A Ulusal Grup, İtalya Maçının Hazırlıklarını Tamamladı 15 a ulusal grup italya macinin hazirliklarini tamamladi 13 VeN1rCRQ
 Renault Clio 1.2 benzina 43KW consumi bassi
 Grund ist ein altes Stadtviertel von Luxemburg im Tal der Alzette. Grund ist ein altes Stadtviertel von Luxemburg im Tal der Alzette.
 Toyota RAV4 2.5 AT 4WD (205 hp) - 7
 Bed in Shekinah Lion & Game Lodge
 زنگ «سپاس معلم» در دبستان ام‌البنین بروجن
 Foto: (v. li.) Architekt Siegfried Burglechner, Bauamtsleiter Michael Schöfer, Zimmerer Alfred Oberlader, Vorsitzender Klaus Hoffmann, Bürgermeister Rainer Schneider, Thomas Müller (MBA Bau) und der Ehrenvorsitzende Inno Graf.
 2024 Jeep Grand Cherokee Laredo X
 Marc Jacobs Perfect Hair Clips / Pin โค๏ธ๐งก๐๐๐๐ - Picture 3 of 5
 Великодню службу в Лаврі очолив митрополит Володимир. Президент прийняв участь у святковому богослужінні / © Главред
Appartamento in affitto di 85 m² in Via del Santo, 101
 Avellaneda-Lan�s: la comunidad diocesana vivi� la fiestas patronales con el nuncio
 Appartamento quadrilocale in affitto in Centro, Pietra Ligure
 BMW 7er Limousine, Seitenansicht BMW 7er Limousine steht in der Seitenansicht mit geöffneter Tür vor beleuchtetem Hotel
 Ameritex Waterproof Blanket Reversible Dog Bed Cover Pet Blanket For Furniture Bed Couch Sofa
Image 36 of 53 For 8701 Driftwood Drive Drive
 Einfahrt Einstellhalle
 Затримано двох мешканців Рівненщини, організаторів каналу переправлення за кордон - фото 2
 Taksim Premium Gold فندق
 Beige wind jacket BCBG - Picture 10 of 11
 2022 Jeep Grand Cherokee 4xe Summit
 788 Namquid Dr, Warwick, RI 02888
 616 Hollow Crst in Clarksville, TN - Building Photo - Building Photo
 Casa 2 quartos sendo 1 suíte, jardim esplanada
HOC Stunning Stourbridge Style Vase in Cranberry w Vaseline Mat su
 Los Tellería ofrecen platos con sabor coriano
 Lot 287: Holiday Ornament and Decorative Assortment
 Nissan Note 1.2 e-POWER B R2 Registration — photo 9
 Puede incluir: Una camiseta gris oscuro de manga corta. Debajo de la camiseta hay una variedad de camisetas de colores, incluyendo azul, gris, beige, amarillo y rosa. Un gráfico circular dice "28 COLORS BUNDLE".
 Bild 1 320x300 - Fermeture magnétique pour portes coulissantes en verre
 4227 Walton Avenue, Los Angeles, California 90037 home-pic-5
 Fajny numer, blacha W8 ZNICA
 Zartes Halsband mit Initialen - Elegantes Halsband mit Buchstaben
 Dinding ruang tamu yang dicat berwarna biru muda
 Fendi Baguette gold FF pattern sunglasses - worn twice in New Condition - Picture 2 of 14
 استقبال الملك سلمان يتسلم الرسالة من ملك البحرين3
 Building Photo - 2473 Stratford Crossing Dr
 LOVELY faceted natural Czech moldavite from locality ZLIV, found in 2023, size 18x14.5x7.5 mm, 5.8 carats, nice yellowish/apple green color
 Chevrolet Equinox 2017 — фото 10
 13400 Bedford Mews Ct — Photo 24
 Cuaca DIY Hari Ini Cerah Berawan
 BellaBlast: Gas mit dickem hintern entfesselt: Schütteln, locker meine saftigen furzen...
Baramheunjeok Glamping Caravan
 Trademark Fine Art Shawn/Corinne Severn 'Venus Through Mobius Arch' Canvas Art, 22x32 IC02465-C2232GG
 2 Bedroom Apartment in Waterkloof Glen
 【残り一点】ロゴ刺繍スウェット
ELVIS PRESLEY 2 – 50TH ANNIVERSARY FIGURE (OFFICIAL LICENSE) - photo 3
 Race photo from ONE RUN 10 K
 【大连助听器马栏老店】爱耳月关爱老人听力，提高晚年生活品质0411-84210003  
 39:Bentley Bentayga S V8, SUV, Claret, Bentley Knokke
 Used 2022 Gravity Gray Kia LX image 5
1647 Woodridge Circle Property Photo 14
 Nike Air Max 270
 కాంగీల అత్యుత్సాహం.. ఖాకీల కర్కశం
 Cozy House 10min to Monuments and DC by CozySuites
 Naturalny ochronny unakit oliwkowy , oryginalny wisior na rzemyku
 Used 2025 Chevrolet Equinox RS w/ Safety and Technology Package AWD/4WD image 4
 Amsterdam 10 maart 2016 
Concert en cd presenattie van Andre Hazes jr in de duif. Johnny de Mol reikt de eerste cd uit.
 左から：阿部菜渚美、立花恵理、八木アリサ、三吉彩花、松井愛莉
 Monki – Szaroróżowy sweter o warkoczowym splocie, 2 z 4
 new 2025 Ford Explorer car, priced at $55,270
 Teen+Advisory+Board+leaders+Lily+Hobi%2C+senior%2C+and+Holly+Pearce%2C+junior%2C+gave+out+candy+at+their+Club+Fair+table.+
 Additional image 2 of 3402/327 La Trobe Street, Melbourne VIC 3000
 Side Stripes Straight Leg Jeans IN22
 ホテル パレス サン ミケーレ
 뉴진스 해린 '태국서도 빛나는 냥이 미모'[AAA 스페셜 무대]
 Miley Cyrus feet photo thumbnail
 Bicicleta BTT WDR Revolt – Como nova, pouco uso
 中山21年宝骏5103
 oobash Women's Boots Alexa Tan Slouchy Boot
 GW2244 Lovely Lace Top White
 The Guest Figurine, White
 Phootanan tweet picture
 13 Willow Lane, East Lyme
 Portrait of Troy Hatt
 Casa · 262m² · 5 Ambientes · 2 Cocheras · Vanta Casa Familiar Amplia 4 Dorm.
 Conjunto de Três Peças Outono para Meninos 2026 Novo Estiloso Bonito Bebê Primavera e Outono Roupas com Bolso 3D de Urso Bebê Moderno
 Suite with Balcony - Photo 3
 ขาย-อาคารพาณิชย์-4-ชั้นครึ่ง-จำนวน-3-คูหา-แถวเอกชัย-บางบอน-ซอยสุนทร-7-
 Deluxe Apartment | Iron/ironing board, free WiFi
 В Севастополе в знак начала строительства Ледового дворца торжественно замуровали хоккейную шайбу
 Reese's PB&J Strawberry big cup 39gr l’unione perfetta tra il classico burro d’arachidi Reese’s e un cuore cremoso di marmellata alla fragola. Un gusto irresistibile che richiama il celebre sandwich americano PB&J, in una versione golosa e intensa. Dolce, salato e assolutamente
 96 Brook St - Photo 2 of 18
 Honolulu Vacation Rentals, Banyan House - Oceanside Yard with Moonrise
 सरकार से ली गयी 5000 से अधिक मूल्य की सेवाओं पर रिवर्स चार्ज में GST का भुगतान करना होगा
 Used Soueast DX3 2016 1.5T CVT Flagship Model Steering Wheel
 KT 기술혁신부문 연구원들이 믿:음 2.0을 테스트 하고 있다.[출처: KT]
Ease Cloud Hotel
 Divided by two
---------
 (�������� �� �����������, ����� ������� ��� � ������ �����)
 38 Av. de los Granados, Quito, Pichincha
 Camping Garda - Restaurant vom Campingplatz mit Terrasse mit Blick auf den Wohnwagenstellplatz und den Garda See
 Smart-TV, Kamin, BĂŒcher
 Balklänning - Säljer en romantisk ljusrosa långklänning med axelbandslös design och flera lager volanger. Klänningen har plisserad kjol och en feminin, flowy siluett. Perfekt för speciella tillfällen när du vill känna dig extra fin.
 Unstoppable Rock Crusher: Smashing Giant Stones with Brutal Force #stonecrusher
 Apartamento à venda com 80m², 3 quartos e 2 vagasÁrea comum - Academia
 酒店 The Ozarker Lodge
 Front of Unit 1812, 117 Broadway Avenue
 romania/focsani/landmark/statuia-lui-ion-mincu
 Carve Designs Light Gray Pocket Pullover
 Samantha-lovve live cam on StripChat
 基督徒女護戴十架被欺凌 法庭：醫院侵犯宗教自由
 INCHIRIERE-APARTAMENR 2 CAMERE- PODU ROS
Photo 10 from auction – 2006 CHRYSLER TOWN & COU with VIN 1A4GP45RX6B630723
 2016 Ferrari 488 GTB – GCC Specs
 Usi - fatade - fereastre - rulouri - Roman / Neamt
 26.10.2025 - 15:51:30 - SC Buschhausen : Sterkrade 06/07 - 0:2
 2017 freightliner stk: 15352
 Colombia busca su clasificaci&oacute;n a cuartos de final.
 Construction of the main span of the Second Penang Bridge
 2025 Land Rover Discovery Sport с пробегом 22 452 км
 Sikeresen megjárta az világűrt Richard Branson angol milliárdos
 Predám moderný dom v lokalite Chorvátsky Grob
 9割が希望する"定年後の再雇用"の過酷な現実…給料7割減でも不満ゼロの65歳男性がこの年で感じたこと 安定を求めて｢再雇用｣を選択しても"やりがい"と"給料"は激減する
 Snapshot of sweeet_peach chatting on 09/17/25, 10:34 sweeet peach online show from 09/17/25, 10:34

EXERCISE OBJECTIVE: Please find every line in the records that contains the word "Used", and copy it out.

RESPONSE TO THIS TASK:
 Used 2022 Gravity Gray Kia LX image 5
 Used 2025 Chevrolet Equinox RS w/ Safety and Technology Package AWD/4WD image 4
 Used Soueast DX3 2016 1.5T CVT Flagship Model Steering Wheel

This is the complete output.